Igor Vorotinov, 54, appeared in federal court Monday in Minneapolis after being indicted in February 2015 on one count of mail fraud. Authorities captured Vorotinov in Moldova on Nov. 14, where he was turned over to FBI agents from Minneapolis, said FBI spokesman Michael Kulstad. Vorotinov was then extradited to the United States three days later, according to the U.S. Attorney’s Office.
His ex-wife, Irina Vorotinov, 51, was sentenced two years ago to three years and one month in prison for her role in the scheme that included having someone’s ashes other than those of Igor Vorotinov interred at Lakewood Cemetery in Minneapolis.
The couple’s son, Alkon Vorotinov, 29, of New Hope, pleaded guilty to concealing a felony and was sentenced shortly before his mother to three years’ probation and 300 hours of community service.
As part of the federal investigation, ashes that had been interred in late 2011 at a Lakewood mausoleum as Igor Vorotinov’s were removed for examination in June 2015. Authorities determined they were not Igor’s.
Mother and son are under court order to pay back Mutual of Omaha, which made good on the claim.
The first hint of Igor Vorotinov’s staged death came in October 2011, when police in Moldova were alerted to a body in the bushes at the entrance to the village of Cojusna. A passport, hotel cards and phone numbers identified the man as Igor Vorotinov.
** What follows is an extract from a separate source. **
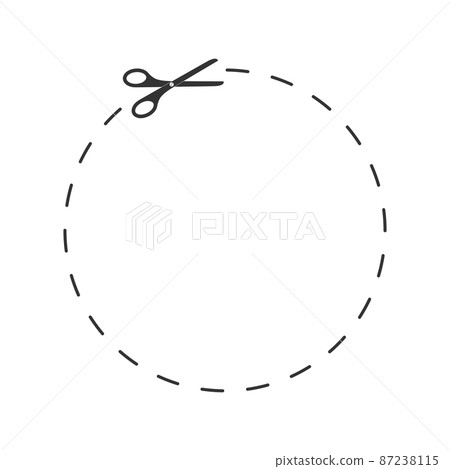 Scissors cutting dotted lined round shape. Cut here sign for label, discount coupon, voucher, promo code. Vector outline illustration 87238115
Irina Vorotinov traveled to Moldova, went to a morgue with a U.S. Embassy official and identified the body as Igor’s. She returned to Minnesota with the ashes, held a funeral at the mausoleum on Nov. 4, 2011, and filed a death claim on the insurance policy. Kulstad said the agency does not know whose remains were interred.
Mutual of Omaha sent a $2 million check to Irina Vorotinov, who was living in Maple Grove at the time, and it was deposited in a bank account. Between March 29, 2012, and January 2015, mother and son transferred more than $1.5 million of insurance proceeds to accounts in Switzerland and Moldova. Kulstad said the FBI is still trying to determine what happened to the money.
A tipster in Moldova told an FBI agent in June 2013 that Igor Vorotinov had staged his death and was living in Ukraine under a new identity, authorities said.
The son told federal authorities that his father had been living in various locations in Moldova and Ukraine under the name Nikolai Patoka, according to court records.
Customs agents stopped Alkon Vorotinov in Detroit in November 2013 as he returned from Moldova, and digital photos on his computer dated April and May of 2013 showed his father “very much alive” more than 1½ years after his supposed death, the court filing read.
Igor Vorotinov remains jailed ahead of a court appearance Monday. Court records do not list an attorney for him.